Las cifras que ha hecho públicas tienen falencias. Las actuaciones de empresarios y gobiernos después de la calamidad sufrida parecen tomadas de alguna versión de la teoría de las conspiraciones.
En los tiempos de Giovanni Bocaccio y de Michel de Montaigne era común que los adinerados y poderosos se aislaran, bien para huir de la peste o para entenderse y reflexionar ¿meditar?
Sin Netflix y video juegos, sin WhatSapp y demás chismes el confinamiento es más productivo, pero no necesariamente con valor de cambio. Bocaccio no se enriqueció con el Decamerón ni Montaigne acumuló capital con los Ensayos. Sus obras todavía se leen gratis aunque no hayan pandemias allá fuera.
En España, Italia y Francia, un poco también en Portugal, pero menos en Alemania y el Reino Unido, chocarán las costumbres que se impondrán cuando pase esta primera ola de COVID-19. Nada de besos en los dos cachetes, ni apretones de mano y abrazos con golpecitos en la espalda. Bastará con un gesto con la cabeza, un levantar de cejas o un movimiento con la boca. Nada de efusividad, todo de lejitos. Quizás las mascarillas y guantes se volverán tan de uso común como los condones.
El espacio de cada uno será respetado y las aglomeraciones serán evitadas en lo posible, se entenderá que tan importante como no contagiarse es no contagiar al prójimo.
La hibernación pudo haber sido más corta, pero se le puso poca atención a las alertas de los especialistas cuando el ébola, el SARS, el N1H1, la gripe aviar, la porcina, el mal de las vacas locas y la derrengadera bovina surgieron como amenazas para la civilización. Había, como siempre, asuntos más urgentes, problemas infinitamente más graves que resolver. No olvidemos, la eterna razón: los recursos son limitados.
En plena pandemia y sin haber concienciado el tamaño de la catástrofe que se avecinaba y que apenas comienza, comenzó el aprovechamiento político, y aparecieron presuntas potencias anunciando geles antisépticos cien por cien efectivos y la pronta fabricación de millones de vacuna, aunque no existía
No le dieron importancia a los respiradores mecánicos, al equipo de protección para médicos, enfermeras, camilleros y personal de limpieza. Todos tenían el mejor sistema de salud pública. Se confiaron.

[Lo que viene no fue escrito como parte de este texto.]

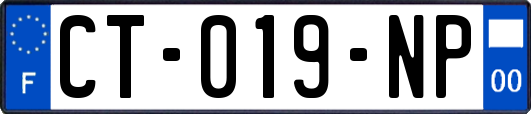CT-019-NP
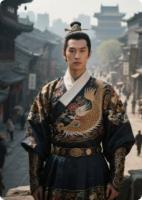 锦衣卫办案:洪熙迷局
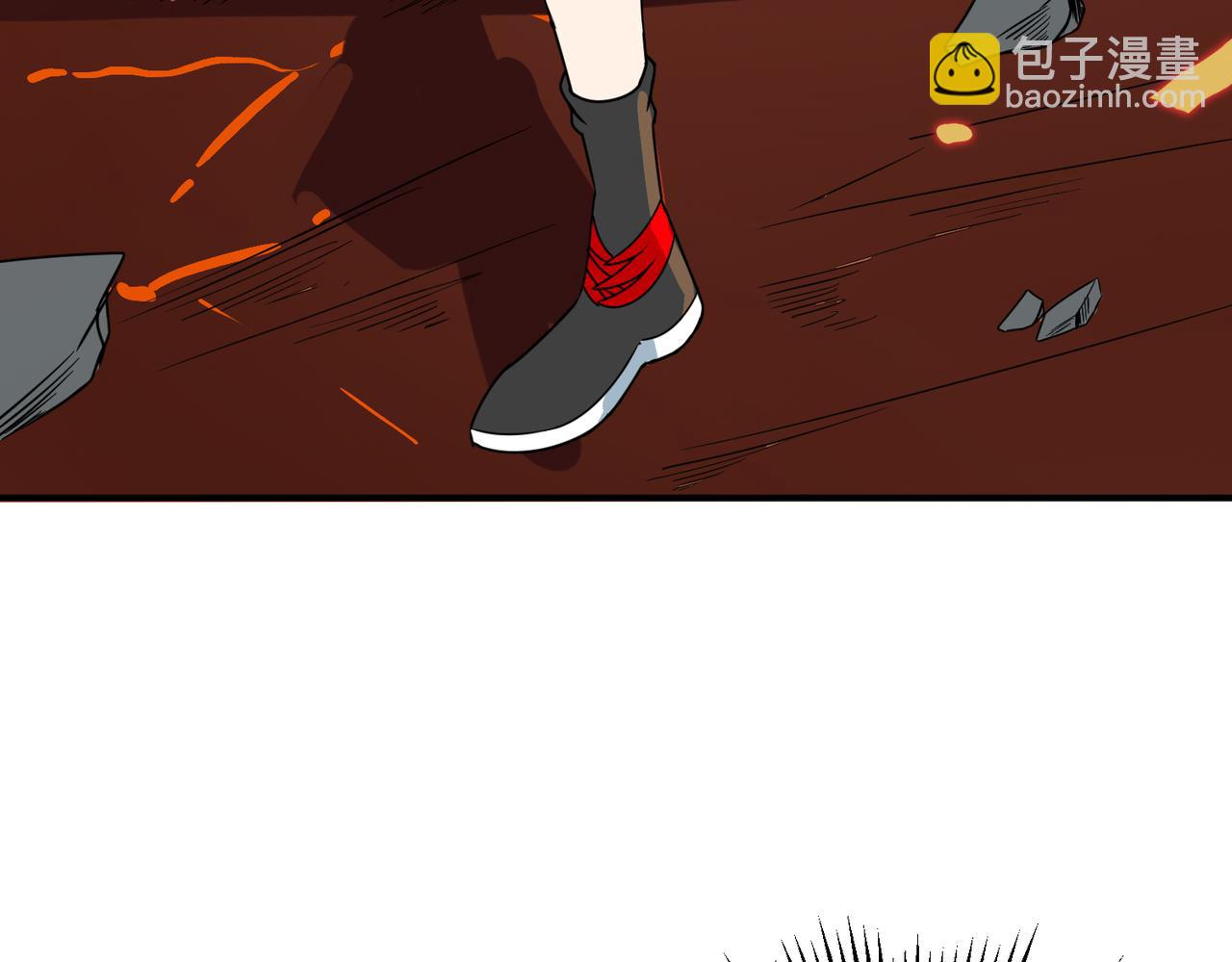 全球殺戮：開局覺醒SSS級天賦！ - 第36話 死戰火魔王(2/4) - 5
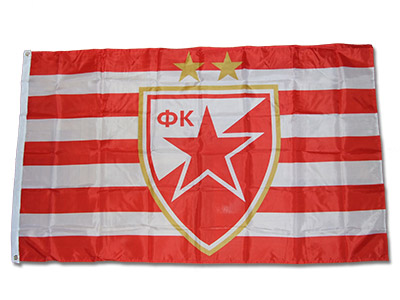 Red Star flag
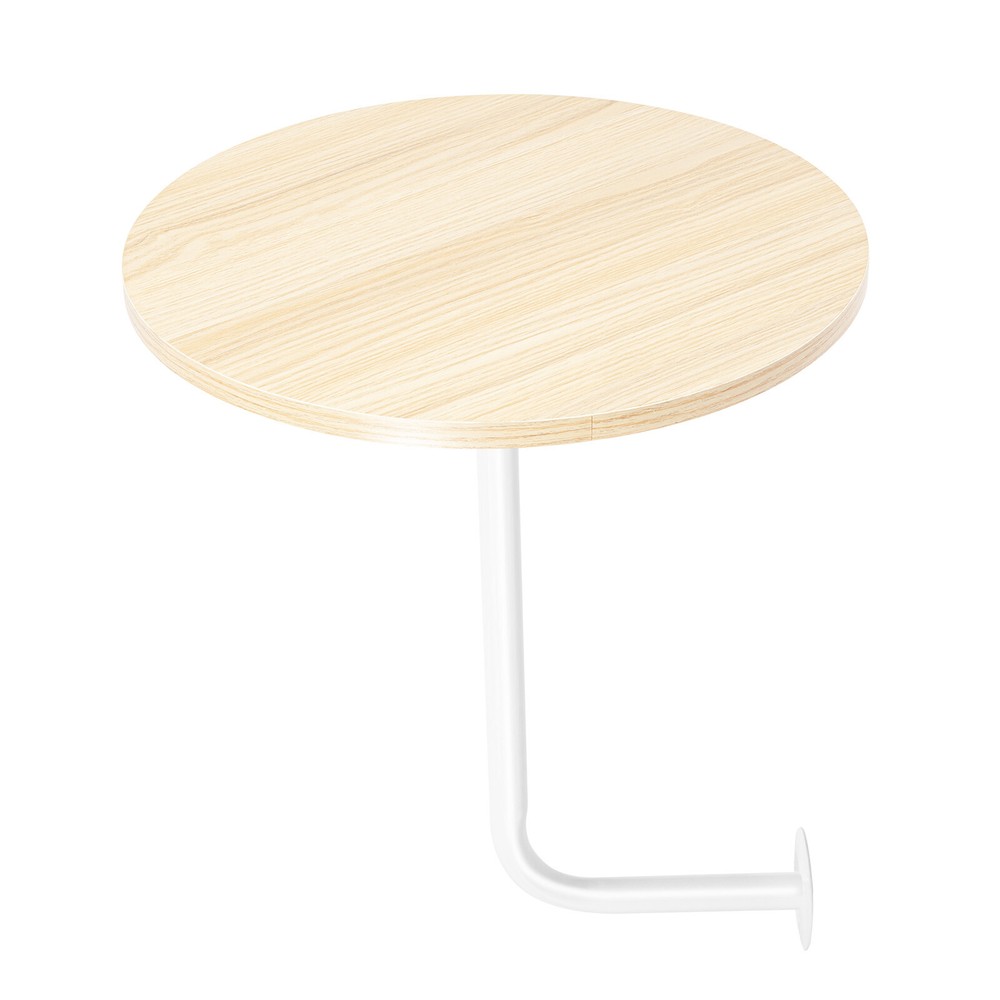 L-Type Coffee Table Bar Table Bar Height Pub Table Counter Table Wall Mounted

Calamidad anunciada, y descartada
Era inimaginable que en Italia, primero, y en España, casi de inmediato, fuera tan rápida y tan cruenta la propagación del virus. No solo mataba a los contagiados, sino también a los enfermos de peritonitis que no podían ser operados porque el hospital, las unidades de cuidados intensivas, estaban desbordadas y contaminadas con el SARS-CoV-2. Faltaban mascarillas y las gafas protectoras, las batas, que no quisieron comprar, «porque los casos serían muy contados». Después no había urnas ni espacio en la morgue, Colapsaron los servicios funerarios.
El distanciamiento social y los tests de diagnóstico son las armas más efectivas contra el COVID-19, además de lavarse las manos con jabón espumoso y evitar el besuqueo.
El aislamiento es quedarse en casa y ver televisión, organizar el closet, pintar la cocina, cambiar las cortinas o dedicarse al holgazaneo. Estando en casa baja la contaminación ambiental, el ruido del tráfico, hay menos desechos en ríos y lagos, llega menos plástico a los océanos y el cielo amanece más limpio. Es como un feriado nacional alargado. Y es, en apariencia, barato.
Sin embargo, al pararse el aparato productivo y comercial se derrenga la economía y el sistema financiero. No se pueden pagar las deudas, no se puede ahorrar ni nadie presta sin garantías sólidas. Aparece el desempleo galopantes. La catástrofe. Los expertos calculan que la epidemia le puede costar al mundo 4,1 billones de dólares y que se perderán millones de puestos de trabajo, quizás 100 veces más lo que no se quería «invertir» cuando no se tomaron las medidas.
El virus se habría propagado mucho menos a un precio que, aunque alto, nunca sería lo que todavía está por venir en los países con menos recursos y capacidades. El distanciamiento social es un arma de protección antipática, pero efectiva.